Tuesday, August 23, 2011

Chaos Theory: Simulating a double pendulum to understand how I owe my existence to Gaddafi's apple

"Does God Play Dice? The New Mathematics of Chaos" is a beautiful book by Ian Stewart. It provided me with a valuable introduction into the concept of chaos and chaos theory. Motivated by the book I decided to experiment with Chaos and write a dynamics simulator on MATLAB to simulate a 2 degrees of freedom pendulum (double pendulum).

In chaos theory 'Chaos' does not necessarily mean random (or a state of disorder). "Chaos occurs when a deterministic system behaves in an apparently random manner"Chaos is actually all around us. Chaos is the rule rather than the exception.

It is only when you think that everything is under 'control' that you wake up one morning to see that yesterday's weather forecast was all wrong and there is a huge storm outside, you check the stock market only to find out that you have lost thousands of dollars. HELL! you turn on the news only to realize that  suddenly the Libyan people rose against a crazy tyrant who ruled them for 42 years. Chaos.

An important characteristic of Chaotic systems is their high sensitivity to initial conditions. Even for a deterministic system (with no random elements), this high sensitivity to initial conditions is what causes the impossibility of long term prediction of the system's behavior. A slight change in the initial conditions would yield completely different and diverging end results.
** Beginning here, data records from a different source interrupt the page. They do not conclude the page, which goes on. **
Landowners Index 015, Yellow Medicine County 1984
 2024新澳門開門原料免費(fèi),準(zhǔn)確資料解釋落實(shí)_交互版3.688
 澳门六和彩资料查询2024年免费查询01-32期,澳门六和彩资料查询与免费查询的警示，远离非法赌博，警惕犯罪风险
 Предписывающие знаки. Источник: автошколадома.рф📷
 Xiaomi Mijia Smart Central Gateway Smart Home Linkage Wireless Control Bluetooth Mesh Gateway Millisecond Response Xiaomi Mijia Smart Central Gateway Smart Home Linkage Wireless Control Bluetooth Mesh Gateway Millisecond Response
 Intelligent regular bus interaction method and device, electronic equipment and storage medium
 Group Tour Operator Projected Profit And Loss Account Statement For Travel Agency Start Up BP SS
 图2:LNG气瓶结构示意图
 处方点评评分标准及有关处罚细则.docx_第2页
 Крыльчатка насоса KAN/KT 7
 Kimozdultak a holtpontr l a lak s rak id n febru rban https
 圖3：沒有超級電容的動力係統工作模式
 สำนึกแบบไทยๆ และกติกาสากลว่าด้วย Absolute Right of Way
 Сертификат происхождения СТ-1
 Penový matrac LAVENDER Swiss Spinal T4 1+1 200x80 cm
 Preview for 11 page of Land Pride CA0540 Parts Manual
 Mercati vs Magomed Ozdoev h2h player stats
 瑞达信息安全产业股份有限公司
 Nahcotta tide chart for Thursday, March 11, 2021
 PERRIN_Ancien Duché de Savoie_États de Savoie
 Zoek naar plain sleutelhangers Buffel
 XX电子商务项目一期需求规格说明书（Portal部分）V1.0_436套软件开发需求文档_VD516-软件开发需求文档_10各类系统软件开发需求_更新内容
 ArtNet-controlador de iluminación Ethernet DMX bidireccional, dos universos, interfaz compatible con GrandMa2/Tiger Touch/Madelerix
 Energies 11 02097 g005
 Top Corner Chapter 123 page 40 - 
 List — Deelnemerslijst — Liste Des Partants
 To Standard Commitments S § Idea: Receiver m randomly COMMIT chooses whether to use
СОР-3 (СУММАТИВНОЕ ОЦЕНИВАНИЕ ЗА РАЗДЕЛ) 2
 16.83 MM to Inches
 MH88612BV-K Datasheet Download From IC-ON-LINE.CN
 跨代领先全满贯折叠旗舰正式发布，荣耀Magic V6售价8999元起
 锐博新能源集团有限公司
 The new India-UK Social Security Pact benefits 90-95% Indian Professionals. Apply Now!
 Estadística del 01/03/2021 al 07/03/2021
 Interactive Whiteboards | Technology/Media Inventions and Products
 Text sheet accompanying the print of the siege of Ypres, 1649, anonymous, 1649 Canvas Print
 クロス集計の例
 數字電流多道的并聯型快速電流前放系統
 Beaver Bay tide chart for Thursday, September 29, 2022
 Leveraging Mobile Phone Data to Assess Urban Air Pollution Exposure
To experiment with Chaos, I wrote a dynamic simulation of a double pendulum (2DOF pendulum) on MATLAB. The double pendulum is a classical example of Chaos theory.   I used the "Simple Forward Kinematics library for Robotic Chains" that I developed back in 2010 (click here to download), and I developed a new library to compute the joint-space dynamic equations and to perform the simulation for any kinematic chain (click here to download). So back to our chaos theory. To experiment, I ran two simulations:
- The first (on the left in the video below) is a simulation with a base joint initial position of 130 degrees
- The second (on the right in the video below) is a simulation with a base joint initial position of 129 degrees

Notice that although the initial conditions are almost the same, a difference in the trajectory begins to be noticeable only after 7 seconds. This difference increases as time passes. And after 40 seconds we notice that each pendulum is located on a totally different position in space.
We've all heard of the vivid and beautiful term "the butterfly effect". Here it is. The impossibility of predicting the long term behavior of the pendulum.

In 1972, Muammar Al-Gaddafi, while having diner in his tent and surrounded by his beautiful amazonian guards, decided to eat an apple rather than a banana. Imagine he ate the banana instead and it turned out the banana was contaminated with a deadly bacteria. He would have died after a month of suffering. Libya would have been 'inherited' by a crazier person (as is always the case). This person would have changed the entire political scene in the region, maybe causing the Lebanese civil war to be more intense. My father would have decided to flee the war and immigrate to Canada and he wouldn't have met my mother.  I wouldn't have existed. I owe my existence to Gaddafi's apple.